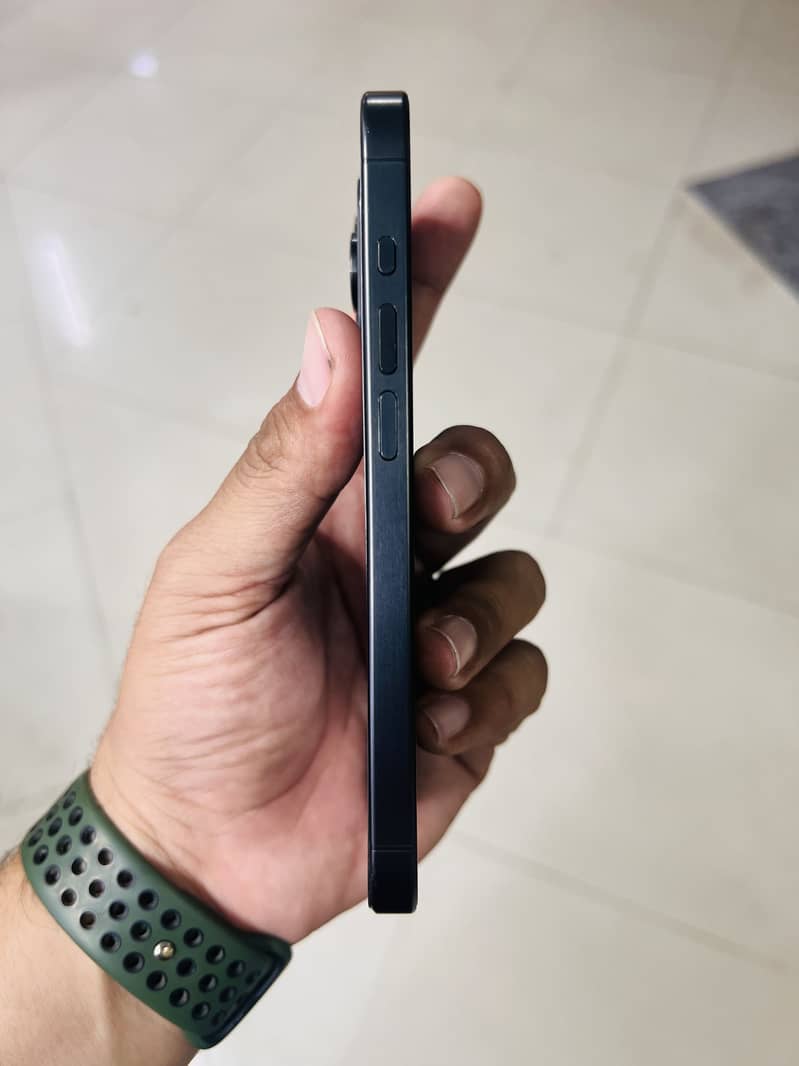 Apple iPhone 15 Pro 2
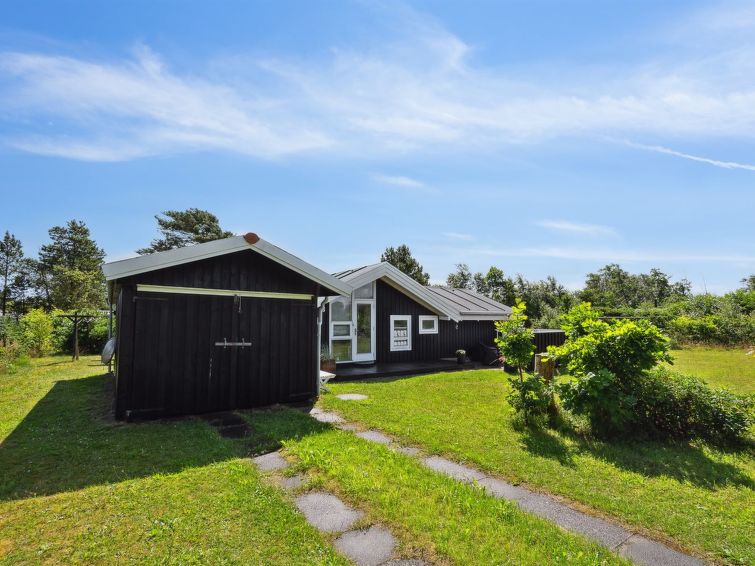 "Santeri" - 180m from the sea", huis 4-kamers 89 m2. Het objekt is geschikt voor 6 volwassenen + 2 kinderen. Woonkamer met TV. 1 kamer met 1 2-pers bed. 1 kamer met 2 bedden. Studio 1 kamer met met 2 ..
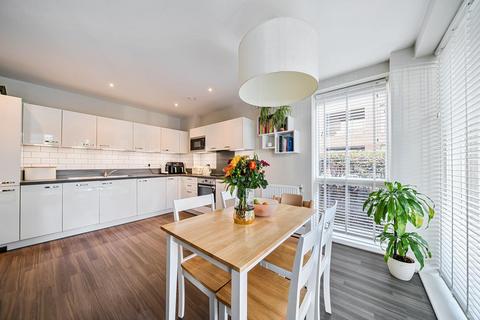 2 bedroom apartment for sale, Dixie Court, Adenmore Road, London, SE6 4FA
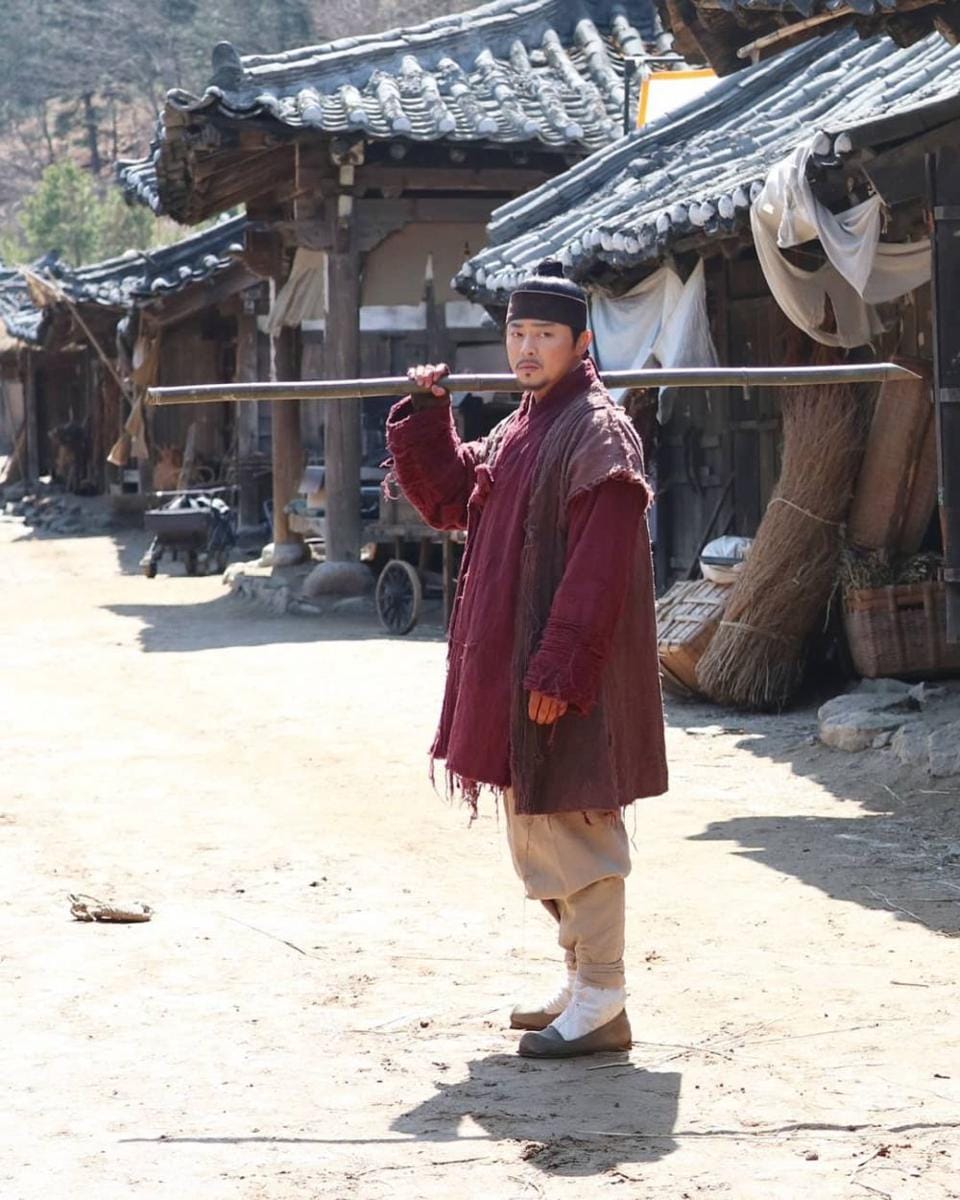 Instagram/@jojungsuk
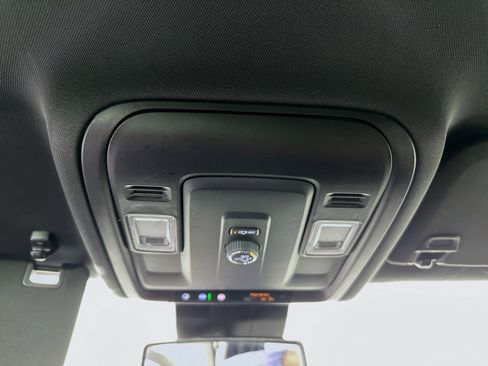 Used 2025 Chevrolet Suburban Z71 image 18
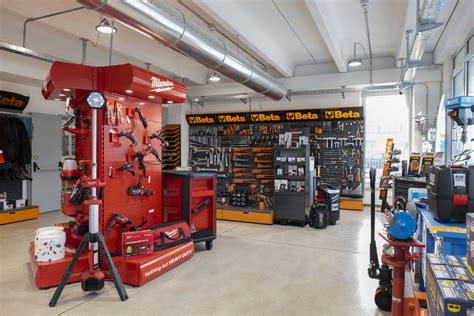 Essoire per area espositiva automobilistica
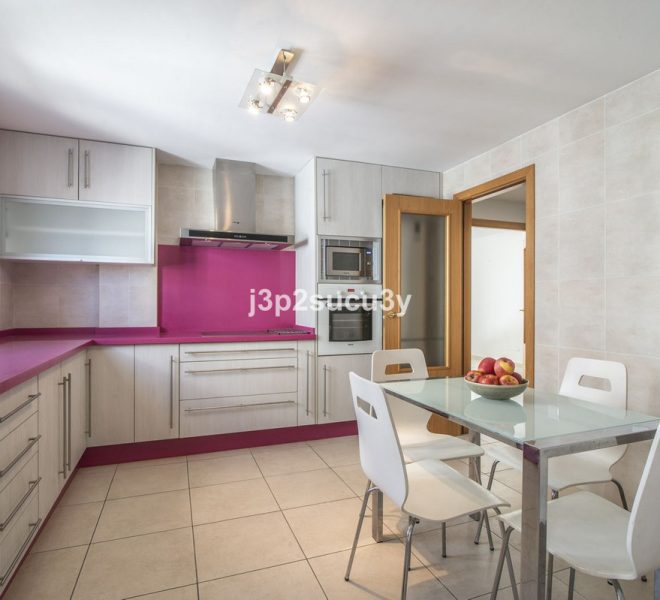 R5372620-Image 1-Middle Floor Apartment - 4 Beds - 142 Built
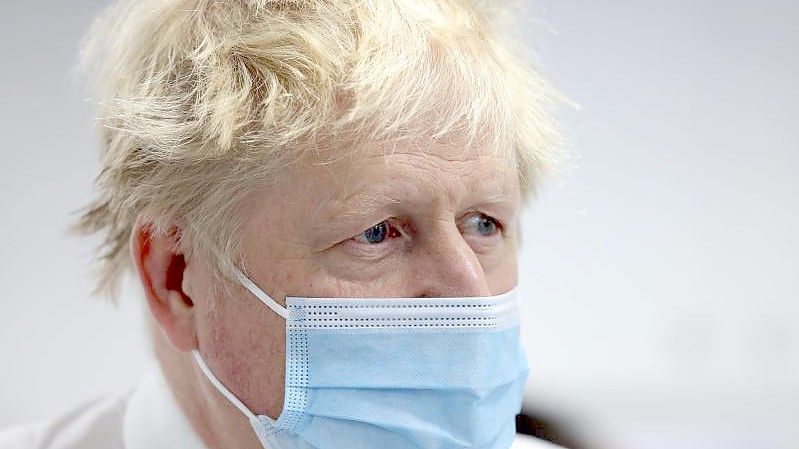 Boris Johnson entschuldigt sich „für jegliche Fehlentscheidungen, die gemacht wurden“. Foto: Ian Vogler/Pool Daily Mirror/AP/dpa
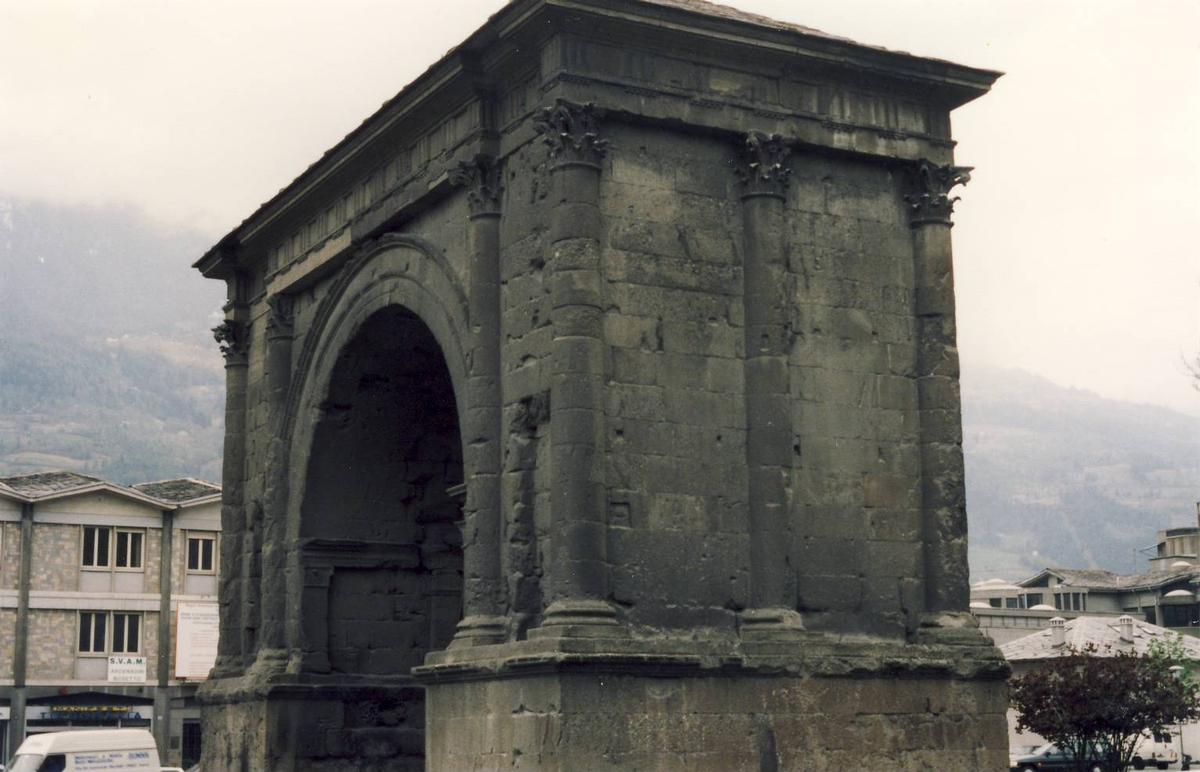 Arch of Augustus 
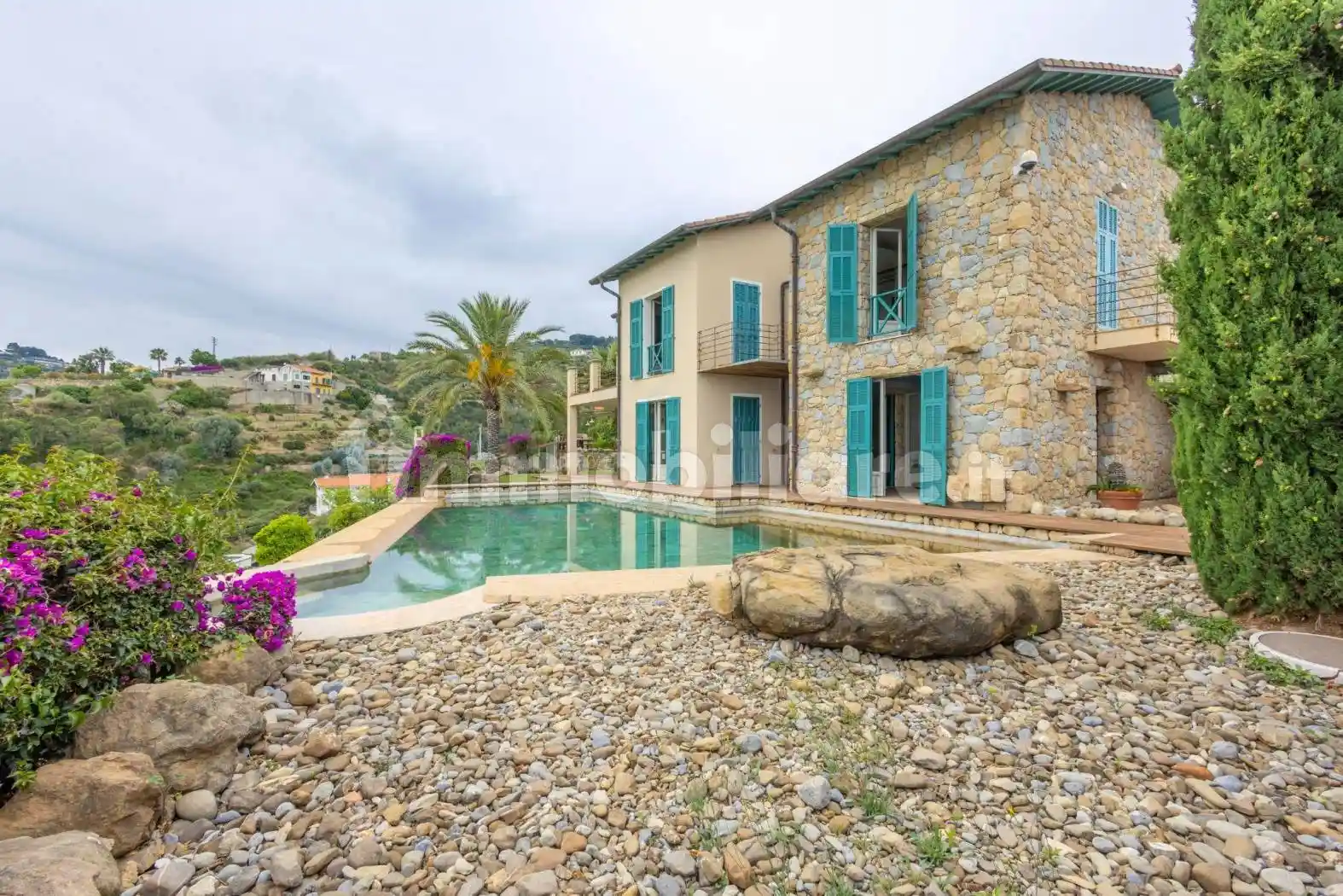 Villa in vendita a Bordighera
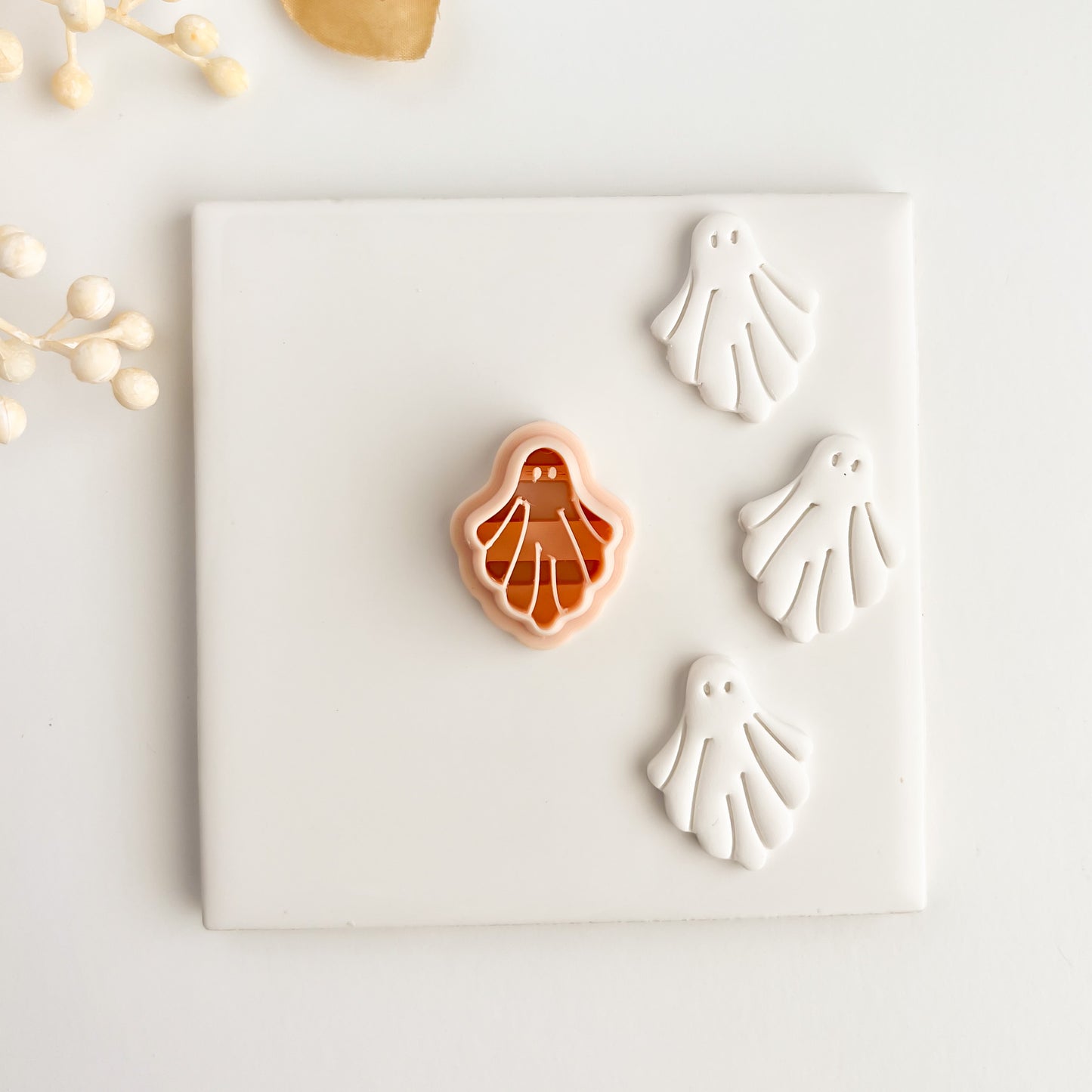 Ghost No. 4 Clay Cutter | Ghost No. 4 Polymer Clay Cutter for DIY Halloween Jewelry Spooky Earrings and Ghost-Themed Crafts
-=-=-
**PROMPT**
Write out the whole listing above exactly, minus images.

**WRITTEN RESPONSE**
 Apple iPhone 15 Pro 2
 "Santeri" - 180m from the sea", huis 4-kamers 89 m2. Het objekt is geschikt voor 6 volwassenen + 2 kinderen. Woonkamer met TV. 1 kamer met 1 2-pers bed. 1 kamer met 2 bedden. Studio 1 kamer met met 2 ..
 2 bedroom apartment for sale, Dixie Court, Adenmore Road, London, SE6 4FA
 Instagram/@jojungsuk
 Used 2025 Chevrolet Suburban Z71 image 18
 Essoire per area espositiva automobilistica
 R5372620-Image 1-Middle Floor Apartment - 4 Beds - 142 Built
 Boris Johnson entschuldigt sich „für jegliche Fehlentscheidungen, die gemacht wurden“. Foto: Ian Vogler/Pool Daily Mirror/AP/dpa
 Arch of Augustus 
 Villa in vendita a Bordighera
 Ghost No. 4 Clay Cutter | Ghost No. 4 Polymer Clay Cutter for DIY Halloween Jewelry Spooky Earrings and Ghost-Themed Crafts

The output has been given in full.